I wouldn’t count repurposing an (as of then) unaired pilot into flashback footage as a clip show.

THE INCREDIBLE HULK did a clip show that actually moved the plot forward: injured and stranded with a bandaged amnesiac, Jack McGee relates his perspective on the various inexplicable near-misses he’s had pursuing the closest thing to Bigfoot – and why it’s so important to him to someday break that story.

The episode ends after Banner recuperates by hulking out, and cue a minor epiphany for McGee: he now knows (a) he’s doggedly on the trail of a kind-hearted little guy who doesn’t want to hurt anyone, and (b) how the Hulk disappears after wreaking havoc: by turning back into an amiable hitchhiker with sad walking-away music.

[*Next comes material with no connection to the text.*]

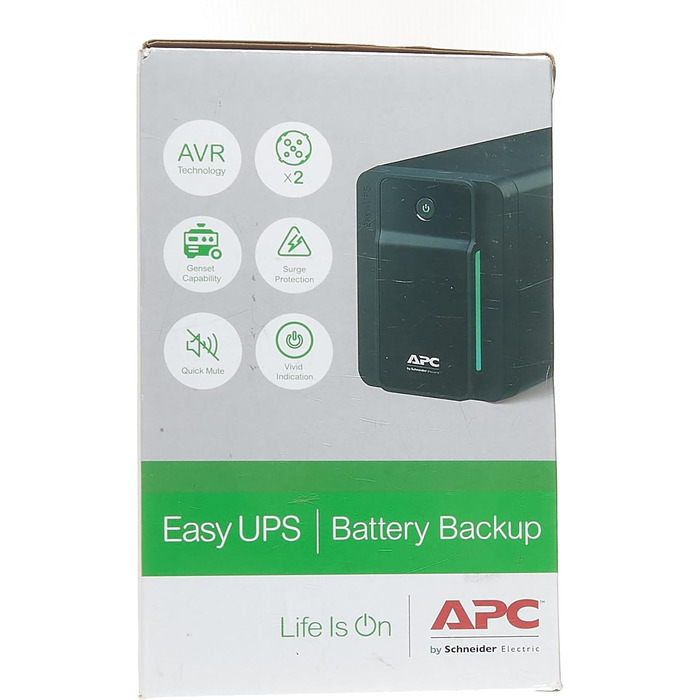 ДБЖ APC Easy UPS - BVX900LI-GR - джерело безперебійного живлення 900 ВА з виходами Schuko, запобіжник акумулятора та захист від перенапруг, резервний акумулятор із стабілізатором стабілізатора, світлодіодні індикатори (700 ВА / 360 Вт, виходи DIN, одинарн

Castle did a clip show a little while back when the network bumped up its episode order for the season. The frame story they hung the clips on – Beckett accidentally activates a bomb, and she and Castle look back on the progression of their relationship – was actually pretty decent. Sometimes it scarcely felt like a clip show.

The series finale of the X-Files was a clip show. There’s a trial where the protagonists pretty much go through the series mythology step by step, accompanied by clips. I recall being pretty unsatisfied, as it didn’t add any new information to make the whole thing less of a mess.

The Legend of Korra had a clip show in its final season. Mostly standard clip show fare, but one of the segments consisted of a character taking all the major events of the show and mashing them together to create a crowd-pleasing, mostly nonsensical story.

The Community episode is definitely my favorite take on clip shows. The clips from non-existent episodes hit the right balance between “I can sort of see how that could of been an episode” and “that’s a ridiculously stupid episode idea” and did a good job of poking fun at the show’s various conventions.

One of my favorites is from the last season of The Mary Tyler Moore Show (the episode is called “Mary’s Big Party”). A running joke throughout the entire series is that Mary, despite being perfect in almost every other way, always throws disastrous dinner parties. This time, however, is sure to be a success–Mary has a special celebrity surprise guest, Johnny Carson! Unfortunately, disaster strikes again. Johnny is running late and the power goes out.

The party guests spend their time in the dark discussing Mary’s other horrible parties. (That’s where the clips come in–any framing scenes in the apartment are completely dark.) At the very end, Johnny Carson does show–but the power is still out and you only hear his voice!

I always preferred the Kill la Kill recap episode. It’s just the right length of original and old material.